Archive for the ‘Regulation’ Category

Twirling Signs for a Living Wage

Monday, July 21st, 2008

During the summer I have been using a parking garage near my lab. The only problem is that there has been extensive road work being done on the access road that connects the parking garage to the main road. Quite frequently, the construction requires reducing the road to one lane for both sides of traffic. When this occurs, a construction worker must hold a sign up that on one side tells traffic to stop and on the other side tells the traffic to proceed slowly. Working in pairs the two construction workers control the flow of traffic.

As I was being directed a thought occurred to me. What’s the market value of a guy standing in place and periodically rotating a sign? More to the point, does this job’s market value exceed the cost of a living wage? If I were to hazard a guess I would say no. The market does not put enough value on this skill to support life. If a person were to do nothing but direct traffic all day with a sign he would eventually die of starvation because he does not make enough money doing that to live.

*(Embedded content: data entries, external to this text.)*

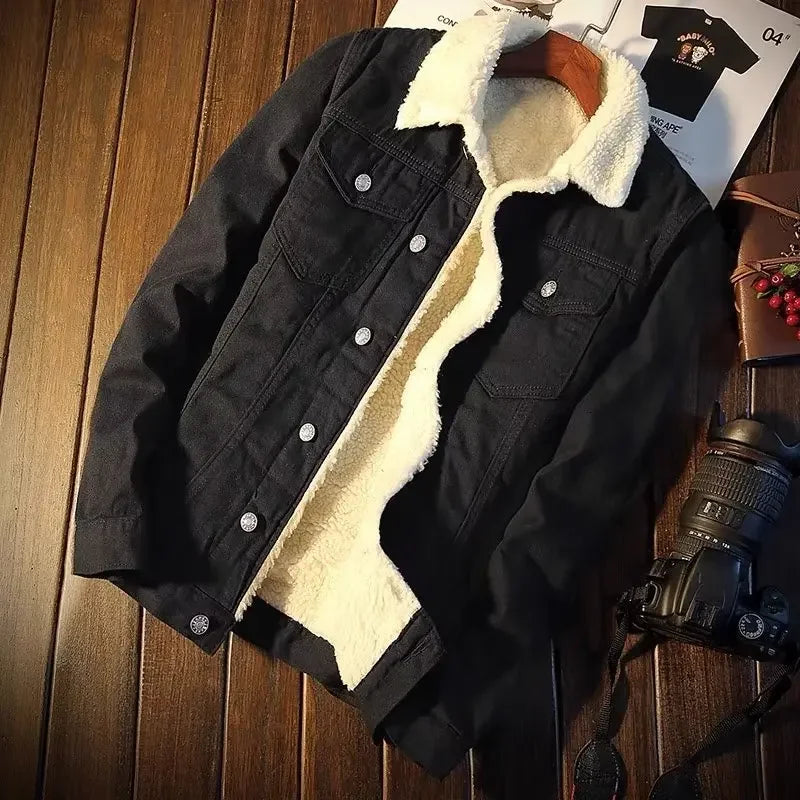 Winter Fleece-lined Thickened Denim Jacket  Loose Fit.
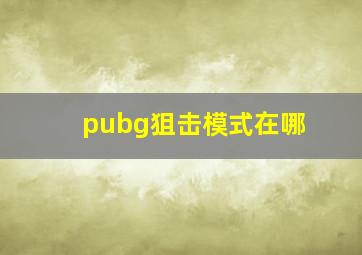 pubg狙击模式在哪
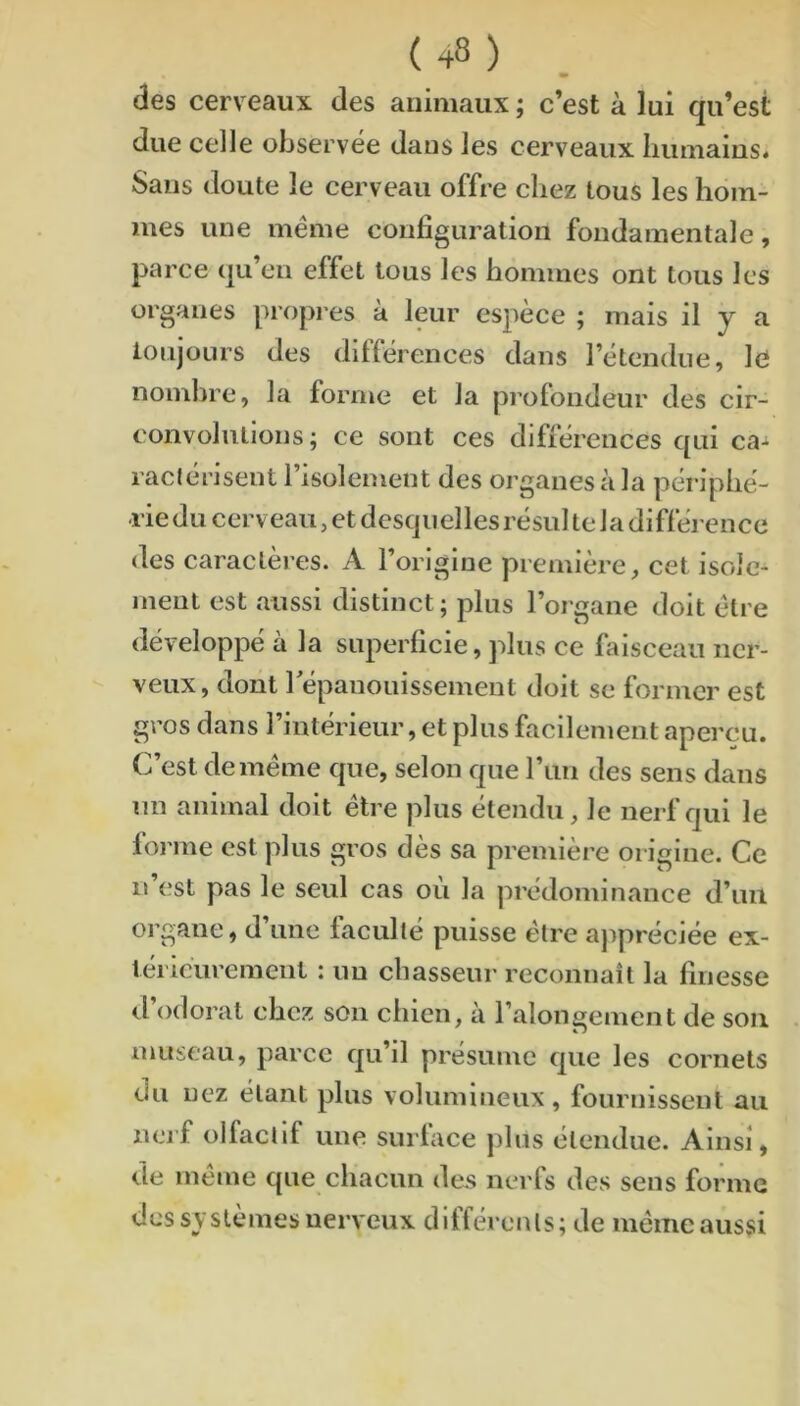 des cerveaux des animaux ; c’est à lui qu’est due celle observée dans les cerveaux humains. Sans doute le cerveau offre chez tous les hom- mes une meme configuration fondamentale, parce qu’en effet tous les hommes ont tous les organes propres à leur espèce ; mais H y a toujours des différences dans l’étendue, le nombre, la forme et la profondeur des cir- convolutions; ce sont ces différences qui ca-i raclérisent l’isolement des organes à la périphé- l'iedu cerveau, et desquelles résul te la différence des caractères. A l’origine première, cet isole- ment est aussi distinct ; plus l’organe doit être développé à la superficie, plus ce faisceau ner- veux, dont répanouissement doit se former est gros dans l’intérieur, et plus facilement aperçu. C’est de meme que, selon que l’iin des sens dans un animal doit être plus étendu, le nerf qui le foi’me est plus gros dès sa première origine. Ce n est pas le seul cas où la prédominance d’un organe, d’une faculté puisse être ajipréciée ex- térieurement : un chasseur reconnaît la finesse d’odorat chez son chien, à Talongement de son museau, parce qu’il présume que les cornets du nez étant plus volumineux, fournissent au nerf olfactif une surlace plus étendue. Ainsi, de meme que chacun de.s nerfs des sens forme des systèmes nerveux différents; de même aussi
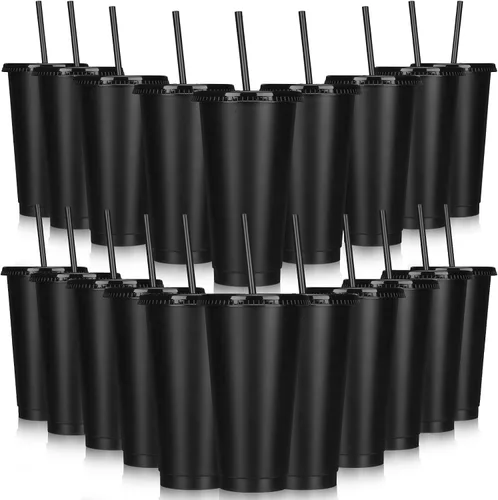Vista 13 de Bokon 60 Juegos de Vasos con Popote y Tapa al Por Mayor, Vasos de Plástico Reutilizables de 24 oz con Tapas y Pajillas, Botella de Agua, Taza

It’s in this scenario that liberals argue that this is precisely why minimum wage laws should be implemented. Let’s take this apart.

Free markets determine the honest value of some good or service. Thus, when the market determines that the value of twirling signs to control traffic is below a living wage we can reasonably argue that people at their most honest are unwilling to pay these traffic controllers more than what is required to survive. I wish to be very clear here. Market value represents the closest measure of what people will honestly pay for some service or good.

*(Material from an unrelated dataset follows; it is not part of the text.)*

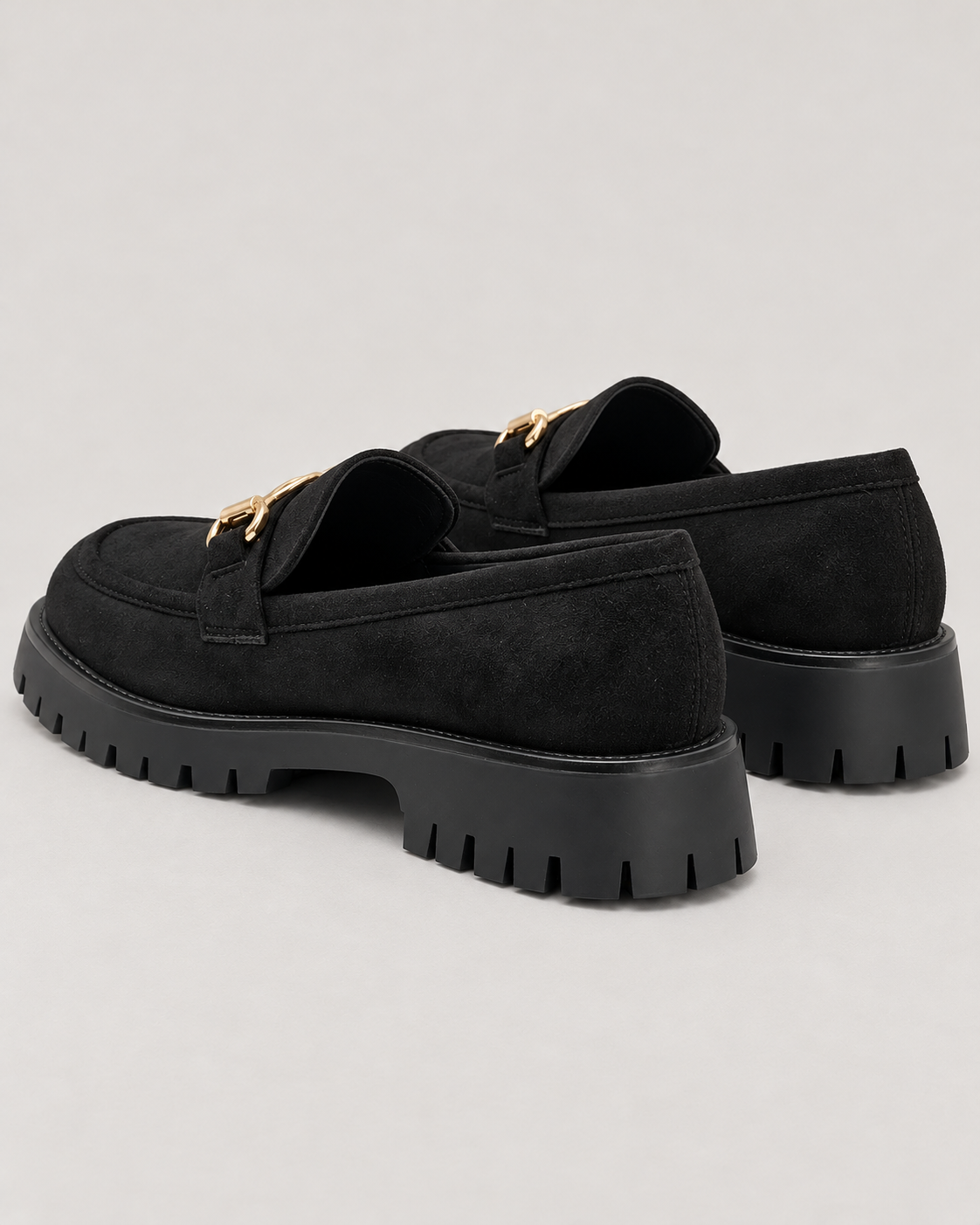 Women's Chunky Sole Loafers - Lug Sole Slip-On Shoes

When liberals respond emotionally to the worker being unable to support himself by demanding the state implement minimum wage laws, liberals are distorting the honest market determined value of the labor. In this analysis, consumers have expressed their desire to pay less and liberal have expressed their desire to pay more than the living wage for this kind of labor. It’s liberal belief versus consumer belief.

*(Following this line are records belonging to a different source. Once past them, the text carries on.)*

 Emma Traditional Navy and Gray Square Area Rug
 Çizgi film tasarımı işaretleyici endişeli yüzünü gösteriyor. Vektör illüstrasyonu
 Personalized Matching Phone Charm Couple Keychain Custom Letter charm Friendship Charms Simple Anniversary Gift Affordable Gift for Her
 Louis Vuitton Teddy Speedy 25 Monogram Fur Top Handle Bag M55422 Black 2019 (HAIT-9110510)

In setting up the analysis in this way I wish to emphasize which group is calling on state coercion to force their beliefs on to everyone else. The consumer, working through the free market, by definition, does not call on the state’s coercion to force people to pay less for traffic control labor. The consumer simply gives their honest response to how much they are willing to pay for that kind of labor, and in the aggregate the market determines that this value is not enough to support a living wage. On the other hand, seeing that consumers are unwilling to pay a living wage for this kind of labor liberals demand that the state use its coercion to force consumers to pay a wage that exceeds the living wage. In sum, liberals unhappy with how much consumers are willing to pay for some kinds of labor, call on the state to force those consumers to pay more for their labor.

Just in case there is doubt, it really is the case that liberals want to force their belief of how much labor should cost on to everyone else. For you see there is no law forbidding one person to give money to another person. If liberals were only concerned with these workers, then all they would need to do is pool their money together and distribute it to the workers. However, this is not enough for liberals, for they want the state to forcibly make consumers, who disagree with them, to pay more than they are willing to for this labor. No matter how liberals justify using coercion at the end of the day they are forcing their beliefs on others.

I honestly can’t see how this is different from conservatives that want to force their morality on to other people. Religious folk find abortion morally objectionable. Since this procedure is open to the free market, we find that is has market value since consumers are willing to pay for the procedure. Conservatives are unhappy with some consumers being able to pay for an abortion since it will lead to the death of a human. This is similar to the outrage liberals express when our sign twirling traffic controller starves to death because he is not paid a living wage. Conservatives call on the state to force other consumers to not use this procedure, in the same way that liberals call on the state to force other consumers to pay more for traffic controlling labor.

It’s in this regard that I can’t see much difference between liberals and conservatives. They both wish
to expand state power simply to coerce people to behave in a manner they prefer.

Redistribute Wealth

Tuesday, July 8th, 2008

Look how this billionaire is squandering his wealth.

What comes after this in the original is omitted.